The flagstaff is massive and there is an avenue leading from it to the memorial chapel on whose steps the photo above right was taken.

The long wall on the left here contains the names of all those who died either in the North Atlantic or Europe but have no known grave. A starred entry denotes a Medal of Honor recipient, Lt Col Leon R Vance, who sadly perished when the aeroplane taking him back to the US after he was wounded, disappeared. The statues along the wall represent the various US services, including coastguards as well as airmen, soldiers and sailors.

The Long Wall

The chapel itself, seen below first from the flagstaff and then from among the graves, is an impressive building.

Long Vista And Water, US WW2 Memorial, Cambridgeshire

The Memorial Chapel from North

The circular pieces in the windows are stained glass images of the seals of the various individual States that make up the Union that is the United States.

The wall on the southern side of the chapel displays a map showing the location of the many US bases in WW2 Britain. The hedge enclosing the grounds made it difficult to get far enough back.

Map Of WW2 US Bases in Britain

The Memorial Chapel Doors
The Memorial Chapel Interior, South Wall

The chapel doors have bronze plaques of the heavy equipment the servicemen may have used and inside, a whole wall is given over to the North Atlantic and European theatres of war, showing the routes of convoys and various air-raids over occupied Europe. Below that, panels show the extent of the Axis advance and the Allied ripostes for both the Africa/Europe and Pacific areas over three different time intervals.

The visitors building near the flagstaff had a well signed visitors book and staff who were welcoming and helpful.

Despite the buzz of the leaf clearer, the overall effect was one of tranquillity and harmony, of a strange sort of peace. US citizens with relatives buried there may find that a small comfort.

The experience, like that of visiting any large war cemetery, was humbling.

Embassy Cinema, Braintree, Essex

Why Braintree?

Well: the good lady and myself used to live there when I worked as a Research Chemist. We thought we’d see how it had changed in thirty years so made it one of the last stops on our recent trip down south.

I well remembered the cinema. The Embassy as was. The building is very deco indeed but is now a Wetherspoons pub called the Picture Palace.

Former Braintree Cinema by day

Former Braintree Cinema by Night

Former Braintree Cinema Interior Panel
Former Braintree Cinema Photo Panel

Surprisingly the inside has not been mucked about with much. On either side of where the screen was situated – the screen itself appears still to be present behind the bar area – are some original panels one of which I tried to photograph (see left above) but the light level was very low so the result is grainy.

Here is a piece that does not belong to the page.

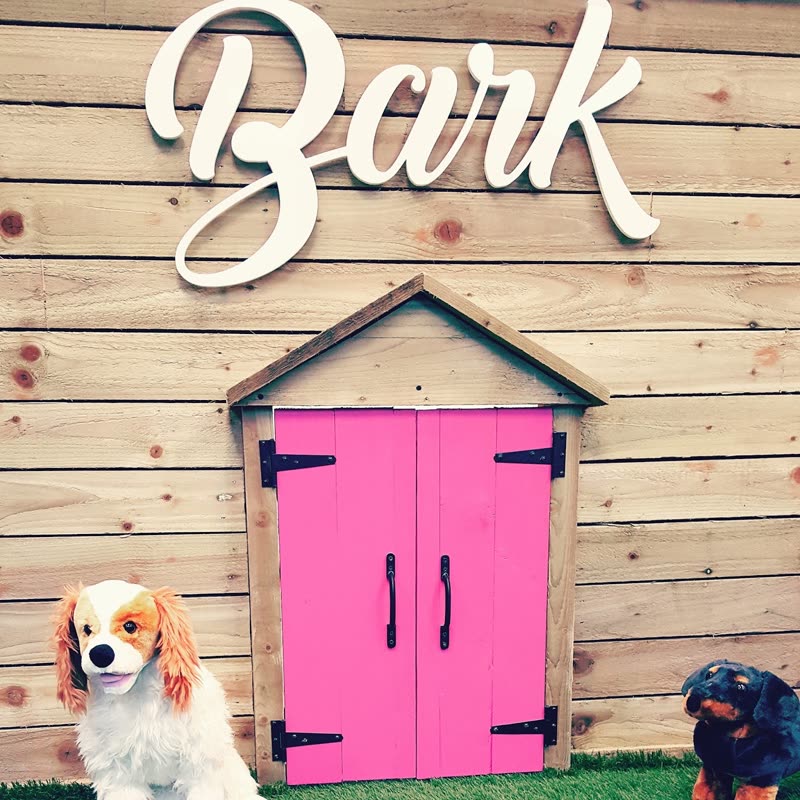 The salon's decorated wall with a kennel playhouse on artificial grass and dog figurines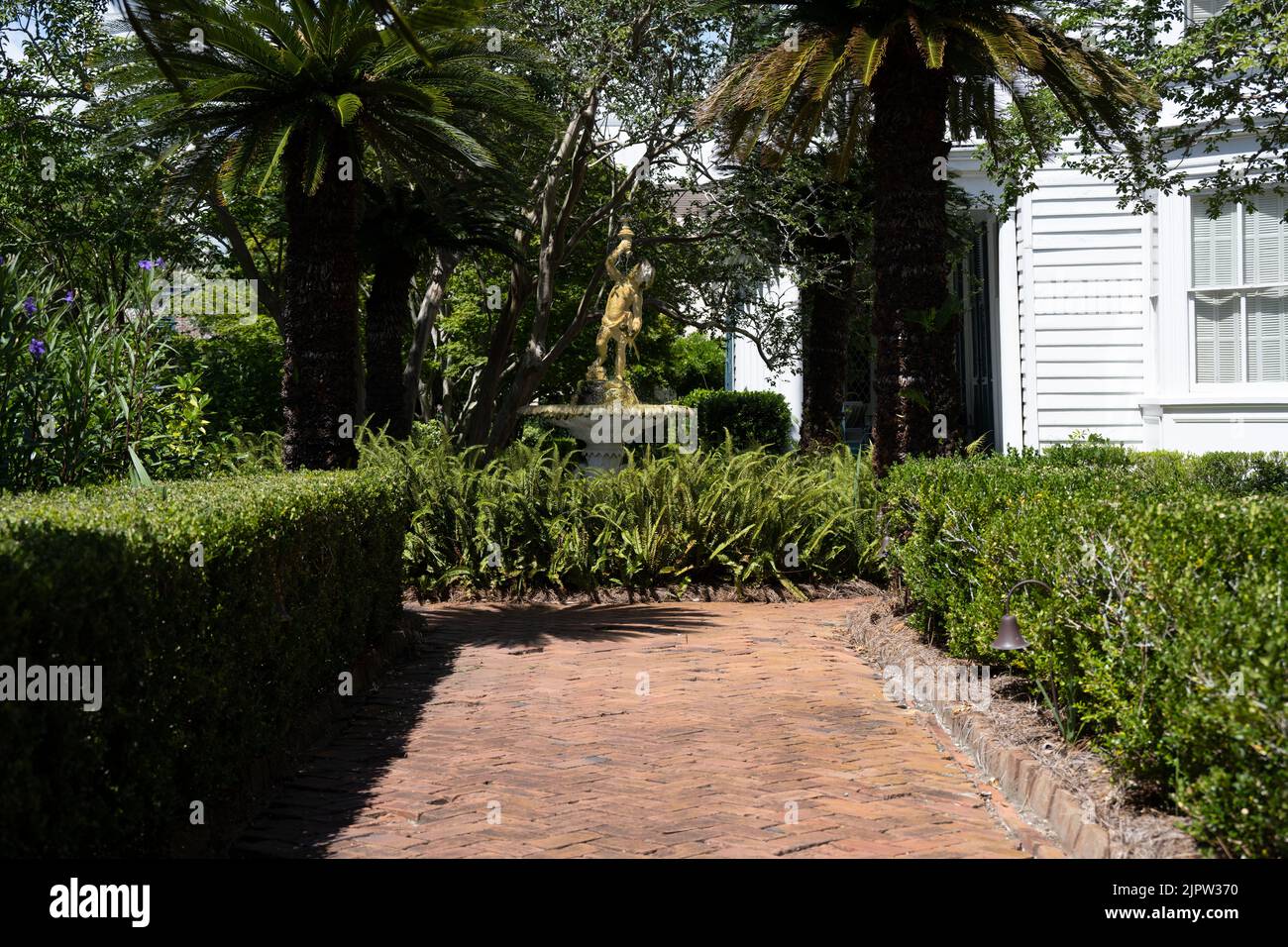 Eine Skulptur aus einem weißen Brunnen hinter einem roten Backsteinweg, der von Hecken umgeben ist Stockfoto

Two photographs of the original interior are in a frame on the wall of the foyer (right, above.) The windows are not original but have been replaced very sympathetically. You can just about make them out here.

We astonished the waiter by saying we had actually seen films in it. (By the way, a true life incident – not to do with the film itself – from watching the first Star Trek movie there made it into my novel A Son Of The Rock in somewhat disguised form. It was too good not to use.)

Asteroid 2005 YU55

In case you’re wondering this is the asteroid that had a close encounter with the Earth yesterday; coming nearer than the Moon does.

There was no danger of contact but apparently if it had struck the Earth it would have had the effect of a magnitude seven earthquake – severe enough but imagine if it hit a city. (Worse damage would have been caused if it had fallen in the ocean and triggered a tsunami.)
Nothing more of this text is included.